To be more precise I used the following C code.
>> cat csimp.c
int main (void){
int i,j;
for(i=1;i<21;i++)
j= i + 100;
return 0;
}
Generated assembly with gcc -S -O0 -masm=intel csimp.c
and tried to compile with nasm -f elf64 csimp.s
and link with ld -m elf_x86_64 -s -o test csimp.o
. The output I got from nasm reads:
csimp.s:1: error: attempt to define a local label before any non-local labels
csimp.s:1: error: parser: instruction expected
csimp.s:2: error: attempt to define a local label before any non-local labels
csimp.s:2: error: parser: instruction expected
This is most probably due to broken assembly syntax. My hope is that I would be able to fix this without having to manually correct the output of gcc -S
Edit:
I was given a hint that my problem is solved in another question; unfortunately, after testing the method described there, I was not able to produce nasm
assembly format.
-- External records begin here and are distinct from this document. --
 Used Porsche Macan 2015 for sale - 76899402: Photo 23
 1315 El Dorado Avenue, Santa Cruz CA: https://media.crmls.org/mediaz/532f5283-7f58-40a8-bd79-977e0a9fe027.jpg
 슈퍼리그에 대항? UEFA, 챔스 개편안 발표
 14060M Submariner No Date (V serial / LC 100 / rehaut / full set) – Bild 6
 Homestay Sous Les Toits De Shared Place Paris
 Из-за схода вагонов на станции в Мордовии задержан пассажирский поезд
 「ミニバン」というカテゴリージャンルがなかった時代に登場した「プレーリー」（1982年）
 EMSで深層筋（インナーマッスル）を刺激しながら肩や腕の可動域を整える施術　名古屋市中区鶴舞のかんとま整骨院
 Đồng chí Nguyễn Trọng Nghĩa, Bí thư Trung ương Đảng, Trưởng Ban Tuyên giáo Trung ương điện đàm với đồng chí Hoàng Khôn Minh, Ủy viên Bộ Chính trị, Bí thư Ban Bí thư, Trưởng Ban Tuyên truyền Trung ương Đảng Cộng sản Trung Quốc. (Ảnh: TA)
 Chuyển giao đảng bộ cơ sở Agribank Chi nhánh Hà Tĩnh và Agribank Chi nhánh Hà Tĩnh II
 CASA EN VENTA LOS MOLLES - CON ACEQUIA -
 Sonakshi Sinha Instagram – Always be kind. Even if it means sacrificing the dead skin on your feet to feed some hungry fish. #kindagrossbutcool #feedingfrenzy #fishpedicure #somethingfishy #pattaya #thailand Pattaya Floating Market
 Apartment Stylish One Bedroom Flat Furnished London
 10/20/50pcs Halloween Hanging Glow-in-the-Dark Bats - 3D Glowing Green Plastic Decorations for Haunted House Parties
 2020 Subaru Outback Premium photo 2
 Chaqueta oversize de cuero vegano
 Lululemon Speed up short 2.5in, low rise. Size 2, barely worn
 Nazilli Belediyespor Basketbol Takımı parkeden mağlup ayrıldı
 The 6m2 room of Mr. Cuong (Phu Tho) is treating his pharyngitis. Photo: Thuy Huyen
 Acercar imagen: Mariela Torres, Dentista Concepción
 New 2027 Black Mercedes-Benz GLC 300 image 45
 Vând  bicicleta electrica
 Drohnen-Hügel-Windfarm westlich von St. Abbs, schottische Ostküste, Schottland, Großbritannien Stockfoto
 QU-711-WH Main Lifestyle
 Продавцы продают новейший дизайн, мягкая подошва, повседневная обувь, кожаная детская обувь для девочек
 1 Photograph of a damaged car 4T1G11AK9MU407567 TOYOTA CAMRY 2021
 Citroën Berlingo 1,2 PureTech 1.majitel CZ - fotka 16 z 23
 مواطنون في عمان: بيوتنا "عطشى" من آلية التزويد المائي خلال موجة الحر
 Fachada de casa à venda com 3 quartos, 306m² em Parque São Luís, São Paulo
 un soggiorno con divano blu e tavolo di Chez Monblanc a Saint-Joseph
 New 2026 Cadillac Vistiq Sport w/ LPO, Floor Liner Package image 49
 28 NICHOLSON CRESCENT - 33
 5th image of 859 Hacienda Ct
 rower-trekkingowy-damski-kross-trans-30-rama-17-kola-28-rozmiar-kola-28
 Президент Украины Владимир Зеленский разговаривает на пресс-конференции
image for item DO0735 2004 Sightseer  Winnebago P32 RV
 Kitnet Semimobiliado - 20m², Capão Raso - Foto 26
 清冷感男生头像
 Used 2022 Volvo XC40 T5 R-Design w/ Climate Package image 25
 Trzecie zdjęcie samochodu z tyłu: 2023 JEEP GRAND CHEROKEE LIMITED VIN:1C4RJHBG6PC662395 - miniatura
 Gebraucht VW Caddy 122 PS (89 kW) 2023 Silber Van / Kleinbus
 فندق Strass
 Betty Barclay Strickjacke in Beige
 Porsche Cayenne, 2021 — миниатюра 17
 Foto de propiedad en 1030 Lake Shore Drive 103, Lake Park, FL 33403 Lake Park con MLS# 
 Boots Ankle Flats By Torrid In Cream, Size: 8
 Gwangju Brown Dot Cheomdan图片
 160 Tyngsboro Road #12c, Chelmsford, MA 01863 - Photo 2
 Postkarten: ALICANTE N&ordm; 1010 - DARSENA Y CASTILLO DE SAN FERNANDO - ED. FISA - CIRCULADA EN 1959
You can see the output of objconv
below.
Therefore I still need your help.
>>cat csimp.asm
; Disassembly of file: csimp.o
; Sat Jan 30 20:17:39 2016
; Mode: 64 bits
; Syntax: YASM/NASM
; Instruction set: 8086, x64
global main: ; **the ':' should be removed !!!**
SECTION .text ; section number 1, code
main: ; Function begin
push rbp ; 0000 _ 55
mov rbp, rsp ; 0001 _ 48: 89. E5
mov dword [rbp-4H], 1 ; 0004 _ C7. 45, FC, 00000001
jmp ?_002 ; 000B _ EB, 0D
?_001: mov eax, dword [rbp-4H] ; 000D _ 8B. 45, FC
add eax, 100 ; 0010 _ 83. C0, 64
mov dword [rbp-8H], eax ; 0013 _ 89. 45, F8
add dword [rbp-4H], 1 ; 0016 _ 83. 45, FC, 01
?_002: cmp dword [rbp-4H], 20 ; 001A _ 83. 7D, FC, 14
jle ?_001 ; 001E _ 7E, ED
pop rbp ; 0020 _ 5D
ret ; 0021 _ C3
; main End of function
SECTION .data ; section number 2, data
SECTION .bss ; section number 3, bss
Apparent solution:
I made a mistake when cleaning up the output of objconv
. I should have run:
sed -i "s/align=1//g ; s/[a-z]*execute//g ; s/: *function//g; /default *rel/d" csimp.asm
All steps can be condensed in a bash
script
#! /bin/bash
a=$( echo $1 | sed "s/\.c//" ) # strip the file extension .c
# compile binary with minimal information
gcc -fno-asynchronous-unwind-tables -s -c ${a}.c
# convert the executable to nasm format
./objconv/objconv -fnasm ${a}.o
# remove unnecesairy objconv information
sed -i "s/align=1//g ; s/[a-z]*execute//g ; s/: *function//g; /default *rel/d" ${a}.asm
# run nasm for 64-bit binary
nasm -f elf64 ${a}.asm
# link --> see comment of MichaelPetch below
ld -m elf_x86_64 -s ${a}.o
Running this code I get the ld
warning:
ld: warning: cannot find entry symbol _start; defaulting to 0000000000400080
The executable produced in this manner crashes with segmentation fault message. I would appreciate your help.